• What the task requires
Copy out exactly the lines from the start of the data to the line containing "Heteroptera". Include both.

====================

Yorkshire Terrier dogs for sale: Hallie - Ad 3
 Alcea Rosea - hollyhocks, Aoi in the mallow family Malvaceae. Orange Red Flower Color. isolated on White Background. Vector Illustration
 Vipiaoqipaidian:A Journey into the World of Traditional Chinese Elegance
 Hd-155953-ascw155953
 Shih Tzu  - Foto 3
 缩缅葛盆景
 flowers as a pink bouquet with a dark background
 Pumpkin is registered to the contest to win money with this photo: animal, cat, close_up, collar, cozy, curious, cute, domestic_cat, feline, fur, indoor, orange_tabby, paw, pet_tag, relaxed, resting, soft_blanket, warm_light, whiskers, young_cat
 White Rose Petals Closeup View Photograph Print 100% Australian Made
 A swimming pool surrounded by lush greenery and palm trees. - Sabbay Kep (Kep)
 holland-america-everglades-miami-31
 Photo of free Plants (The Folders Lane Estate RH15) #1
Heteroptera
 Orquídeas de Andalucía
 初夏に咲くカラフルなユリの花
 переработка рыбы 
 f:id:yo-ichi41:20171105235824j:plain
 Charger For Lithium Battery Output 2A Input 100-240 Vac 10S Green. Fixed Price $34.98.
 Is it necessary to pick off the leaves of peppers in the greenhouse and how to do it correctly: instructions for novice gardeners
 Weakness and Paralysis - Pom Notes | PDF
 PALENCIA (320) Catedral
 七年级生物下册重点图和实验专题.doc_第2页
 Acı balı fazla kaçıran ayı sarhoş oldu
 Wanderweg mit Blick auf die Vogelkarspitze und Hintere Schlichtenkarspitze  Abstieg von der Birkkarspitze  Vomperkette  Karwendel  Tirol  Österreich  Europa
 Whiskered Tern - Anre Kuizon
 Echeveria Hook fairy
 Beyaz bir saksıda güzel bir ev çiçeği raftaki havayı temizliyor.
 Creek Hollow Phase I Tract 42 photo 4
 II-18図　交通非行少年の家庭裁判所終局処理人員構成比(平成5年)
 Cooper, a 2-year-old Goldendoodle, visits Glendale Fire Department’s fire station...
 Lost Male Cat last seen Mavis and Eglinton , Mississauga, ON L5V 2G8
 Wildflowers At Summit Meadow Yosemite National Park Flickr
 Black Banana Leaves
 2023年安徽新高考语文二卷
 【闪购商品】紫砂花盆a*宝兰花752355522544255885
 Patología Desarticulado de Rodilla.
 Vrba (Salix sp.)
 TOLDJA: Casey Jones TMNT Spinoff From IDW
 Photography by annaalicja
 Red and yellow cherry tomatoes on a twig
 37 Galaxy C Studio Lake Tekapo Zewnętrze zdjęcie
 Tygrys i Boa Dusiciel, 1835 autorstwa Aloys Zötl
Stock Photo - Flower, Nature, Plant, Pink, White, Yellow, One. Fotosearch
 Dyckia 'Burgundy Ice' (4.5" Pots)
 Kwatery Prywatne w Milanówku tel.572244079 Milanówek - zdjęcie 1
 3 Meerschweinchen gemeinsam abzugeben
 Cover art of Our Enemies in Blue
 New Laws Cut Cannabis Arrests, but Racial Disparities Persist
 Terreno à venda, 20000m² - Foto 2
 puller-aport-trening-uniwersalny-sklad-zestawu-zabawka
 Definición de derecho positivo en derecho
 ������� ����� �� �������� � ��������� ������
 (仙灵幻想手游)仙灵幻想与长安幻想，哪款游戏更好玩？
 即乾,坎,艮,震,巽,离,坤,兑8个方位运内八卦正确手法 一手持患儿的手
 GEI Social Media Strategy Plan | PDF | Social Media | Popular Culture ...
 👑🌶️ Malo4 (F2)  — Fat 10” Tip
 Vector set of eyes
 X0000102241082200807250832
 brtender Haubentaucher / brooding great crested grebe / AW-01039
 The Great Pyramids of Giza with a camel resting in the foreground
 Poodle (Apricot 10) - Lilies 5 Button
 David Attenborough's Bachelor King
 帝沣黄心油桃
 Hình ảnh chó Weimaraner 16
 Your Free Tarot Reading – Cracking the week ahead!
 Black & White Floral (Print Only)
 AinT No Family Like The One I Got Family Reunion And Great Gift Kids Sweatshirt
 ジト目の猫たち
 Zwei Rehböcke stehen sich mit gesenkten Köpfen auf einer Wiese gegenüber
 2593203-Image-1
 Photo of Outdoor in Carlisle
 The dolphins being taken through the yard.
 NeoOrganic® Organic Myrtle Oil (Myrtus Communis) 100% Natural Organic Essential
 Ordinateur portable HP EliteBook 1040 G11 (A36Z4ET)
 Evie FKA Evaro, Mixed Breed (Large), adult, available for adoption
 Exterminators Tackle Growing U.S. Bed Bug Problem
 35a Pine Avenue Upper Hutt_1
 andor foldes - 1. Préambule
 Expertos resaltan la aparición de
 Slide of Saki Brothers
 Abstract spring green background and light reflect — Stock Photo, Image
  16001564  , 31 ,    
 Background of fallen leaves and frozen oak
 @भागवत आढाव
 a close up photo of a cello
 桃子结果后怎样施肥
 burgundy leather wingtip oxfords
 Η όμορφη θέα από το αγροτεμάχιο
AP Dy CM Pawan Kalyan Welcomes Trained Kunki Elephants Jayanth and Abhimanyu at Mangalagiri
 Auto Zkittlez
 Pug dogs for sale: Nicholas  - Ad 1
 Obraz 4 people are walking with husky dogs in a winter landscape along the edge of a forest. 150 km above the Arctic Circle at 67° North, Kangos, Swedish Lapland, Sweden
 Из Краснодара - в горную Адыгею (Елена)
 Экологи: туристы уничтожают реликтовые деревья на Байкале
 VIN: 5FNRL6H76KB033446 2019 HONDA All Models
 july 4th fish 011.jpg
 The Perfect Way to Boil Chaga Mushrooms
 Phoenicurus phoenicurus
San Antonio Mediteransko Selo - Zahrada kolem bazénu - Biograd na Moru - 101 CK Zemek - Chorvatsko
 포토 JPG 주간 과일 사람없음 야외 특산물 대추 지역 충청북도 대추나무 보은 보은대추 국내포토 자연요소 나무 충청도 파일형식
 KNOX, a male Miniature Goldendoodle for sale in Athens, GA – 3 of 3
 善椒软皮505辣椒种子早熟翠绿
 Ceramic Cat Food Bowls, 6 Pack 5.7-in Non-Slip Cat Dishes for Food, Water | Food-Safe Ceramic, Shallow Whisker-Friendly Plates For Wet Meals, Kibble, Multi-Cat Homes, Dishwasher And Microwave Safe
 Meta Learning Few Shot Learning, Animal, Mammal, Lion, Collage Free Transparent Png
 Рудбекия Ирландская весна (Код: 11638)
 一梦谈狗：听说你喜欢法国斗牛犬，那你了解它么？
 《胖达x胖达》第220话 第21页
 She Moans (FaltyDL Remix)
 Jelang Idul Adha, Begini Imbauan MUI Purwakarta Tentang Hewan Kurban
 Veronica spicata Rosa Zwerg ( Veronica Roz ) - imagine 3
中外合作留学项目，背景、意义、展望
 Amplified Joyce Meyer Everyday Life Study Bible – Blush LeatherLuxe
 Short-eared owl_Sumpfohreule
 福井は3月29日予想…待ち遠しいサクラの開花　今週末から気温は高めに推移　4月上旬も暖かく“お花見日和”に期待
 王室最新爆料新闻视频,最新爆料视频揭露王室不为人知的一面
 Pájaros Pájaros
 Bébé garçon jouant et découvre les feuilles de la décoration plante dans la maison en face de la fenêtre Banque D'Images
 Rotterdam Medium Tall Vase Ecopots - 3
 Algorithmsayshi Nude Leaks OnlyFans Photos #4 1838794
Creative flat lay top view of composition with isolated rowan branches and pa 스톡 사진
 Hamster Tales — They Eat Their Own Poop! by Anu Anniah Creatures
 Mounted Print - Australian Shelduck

====================

• Answer box
Yorkshire Terrier dogs for sale: Hallie - Ad 3
 Alcea Rosea - hollyhocks, Aoi in the mallow family Malvaceae. Orange Red Flower Color. isolated on White Background. Vector Illustration
 Vipiaoqipaidian:A Journey into the World of Traditional Chinese Elegance
 Hd-155953-ascw155953
 Shih Tzu  - Foto 3
 缩缅葛盆景
 flowers as a pink bouquet with a dark background
 Pumpkin is registered to the contest to win money with this photo: animal, cat, close_up, collar, cozy, curious, cute, domestic_cat, feline, fur, indoor, orange_tabby, paw, pet_tag, relaxed, resting, soft_blanket, warm_light, whiskers, young_cat
 White Rose Petals Closeup View Photograph Print 100% Australian Made
 A swimming pool surrounded by lush greenery and palm trees. - Sabbay Kep (Kep)
 holland-america-everglades-miami-31
 Photo of free Plants (The Folders Lane Estate RH15) #1
Heteroptera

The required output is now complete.